* **EXERCISE REQUIREMENTS**:
What is needed is an exact repeat of the entries, with no pictures in it.
#### GIVEN ENTRIES
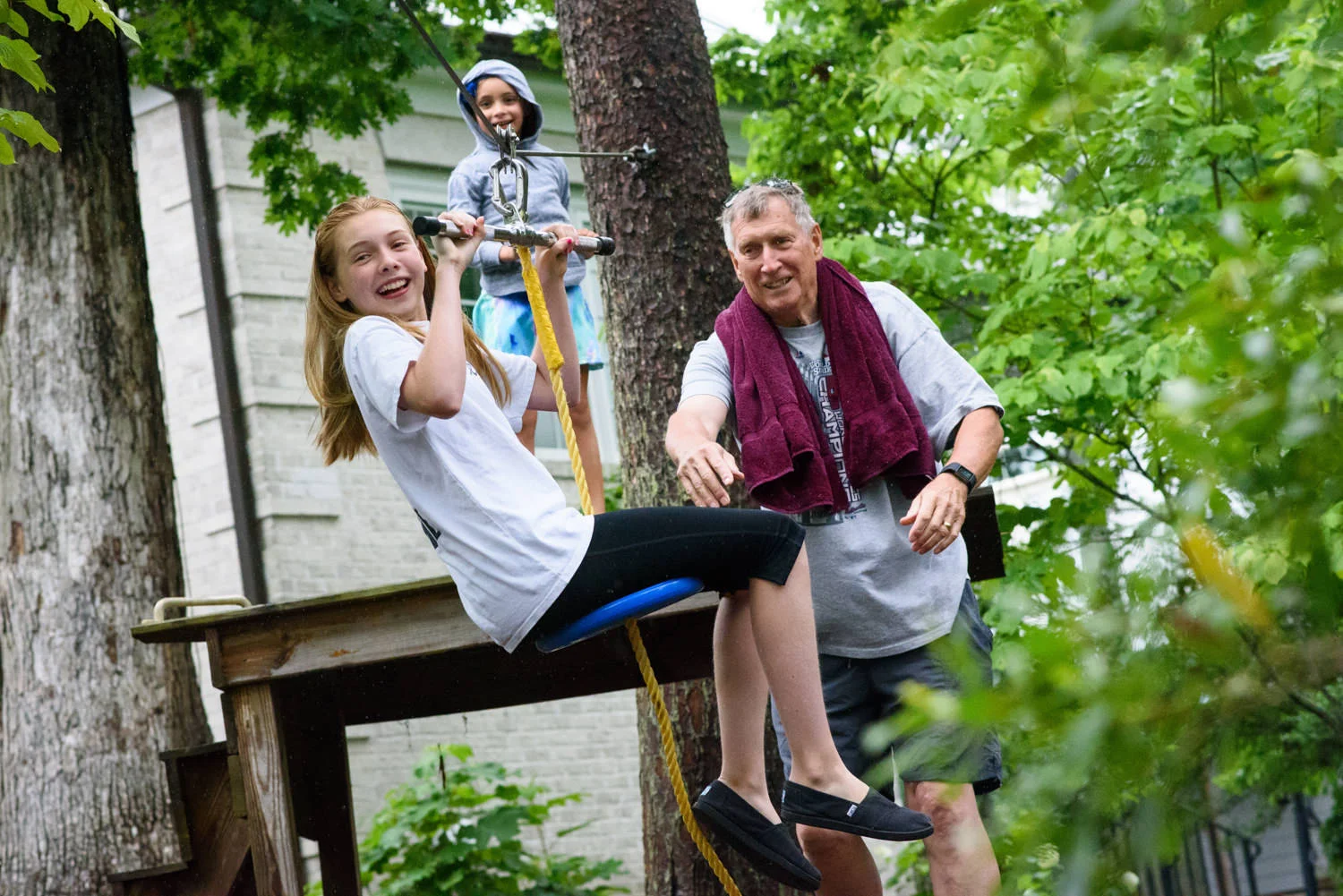 grandfather pushes his granddaughter on a zip line
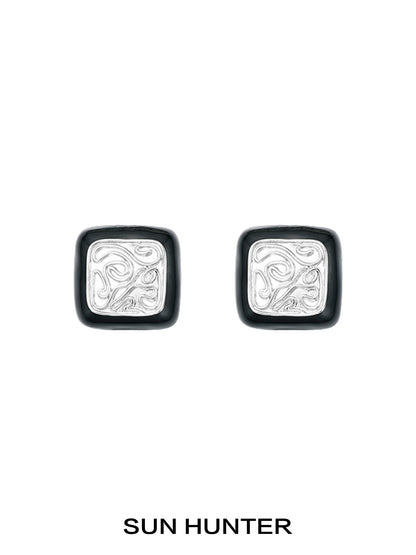 Elegant vintage coin stud earrings by SUN HUNTER with intricate silver designs and a classic look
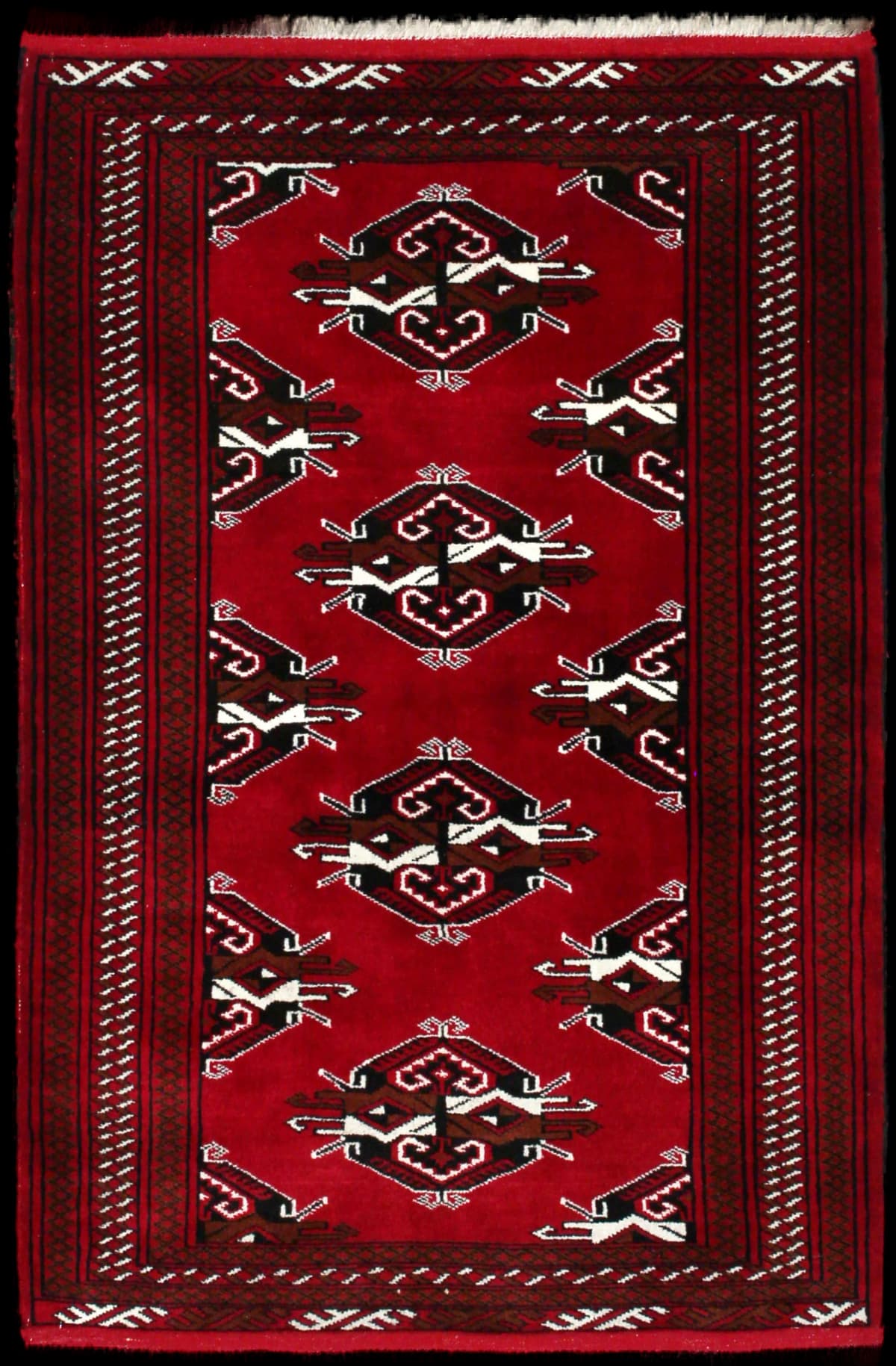Persian rug of Turkoman style in dimensions 150 centimeters length by 98 centimeters width with mainly red colors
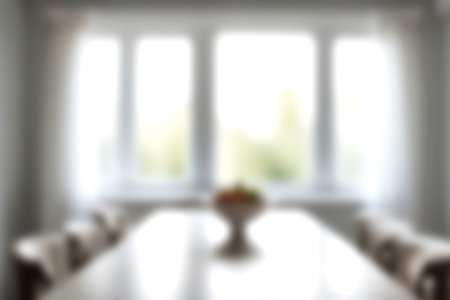 Blur modern dining room at home with soft sunlight at big window for background usage. blur interior...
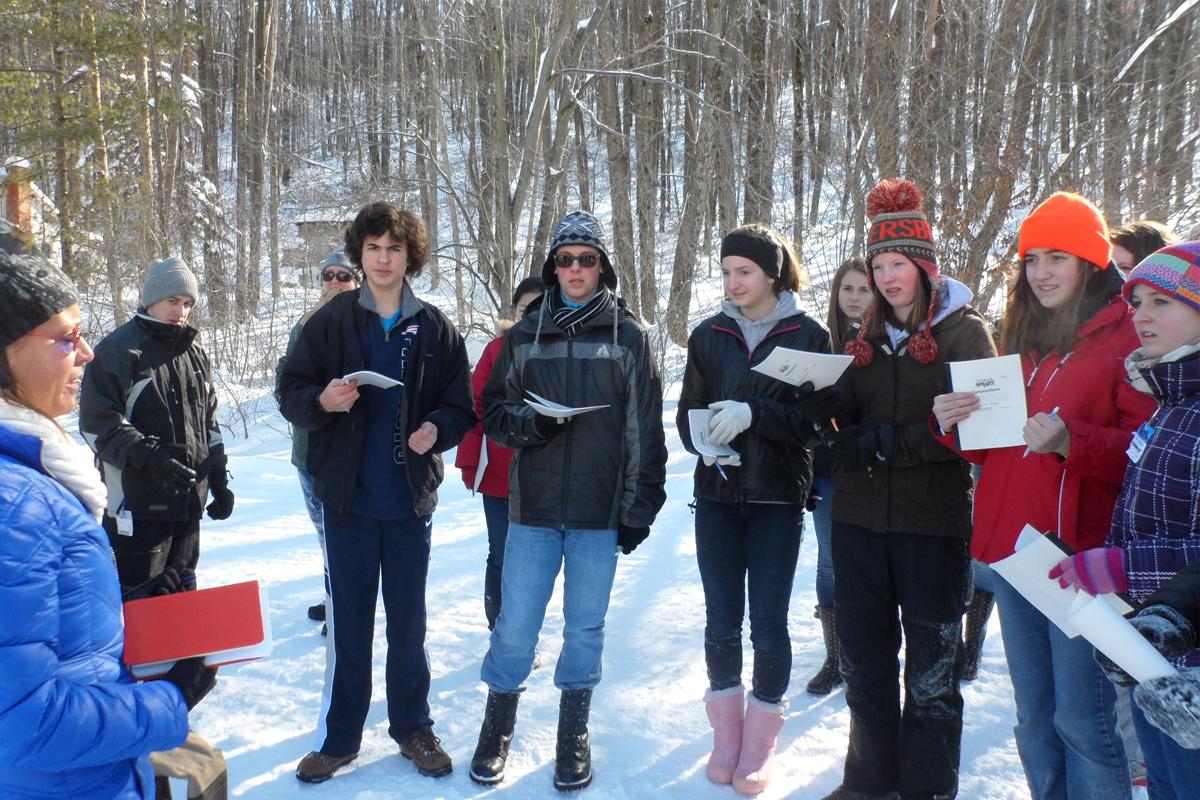 Earth House Students in the woods with snow on the ground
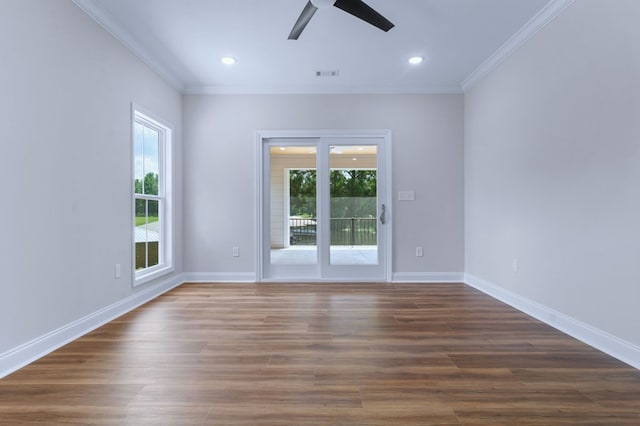 empty room with dark hardwood / wood-style flooring, crown molding, and a healthy amount of sunlight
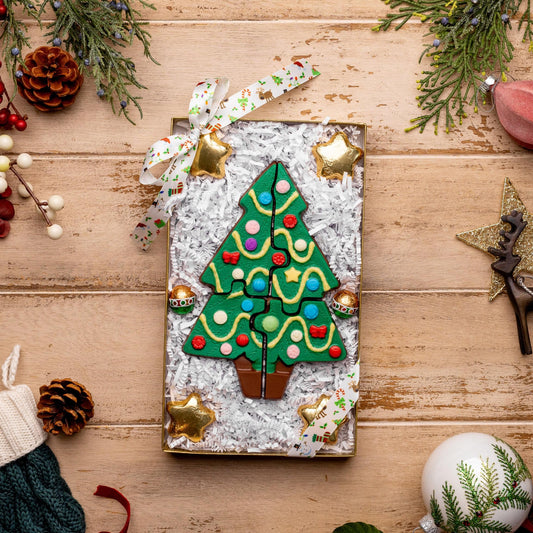 a decorated box with a christmas tree on it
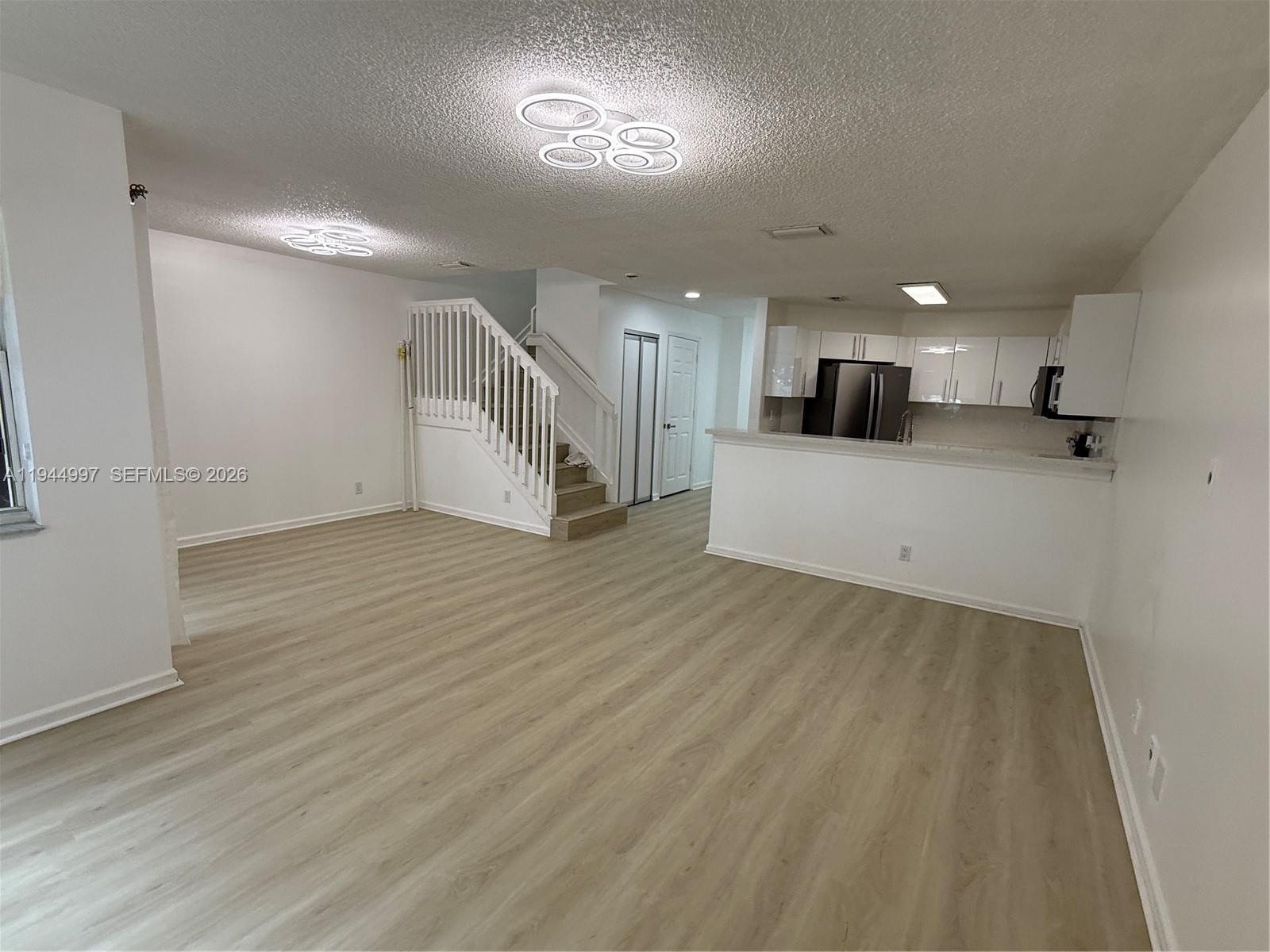 973 Imperial Lake Road, Unit 973 West Palm Beach, FL 33413 - Photo 12 of 28 a view of a kitchen with a sink and a refrigerator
########
* **TASK RESULT**:
 grandfather pushes his granddaughter on a zip line
 Elegant vintage coin stud earrings by SUN HUNTER with intricate silver designs and a classic look
Persian rug of Turkoman style in dimensions 150 centimeters length by 98 centimeters width with mainly red colors
 Blur modern dining room at home with soft sunlight at big window for background usage. blur interior...
 Earth House Students in the woods with snow on the ground
 empty room with dark hardwood / wood-style flooring, crown molding, and a healthy amount of sunlight
 a decorated box with a christmas tree on it
 973 Imperial Lake Road, Unit 973 West Palm Beach, FL 33413 - Photo 12 of 28 a view of a kitchen with a sink and a refrigerator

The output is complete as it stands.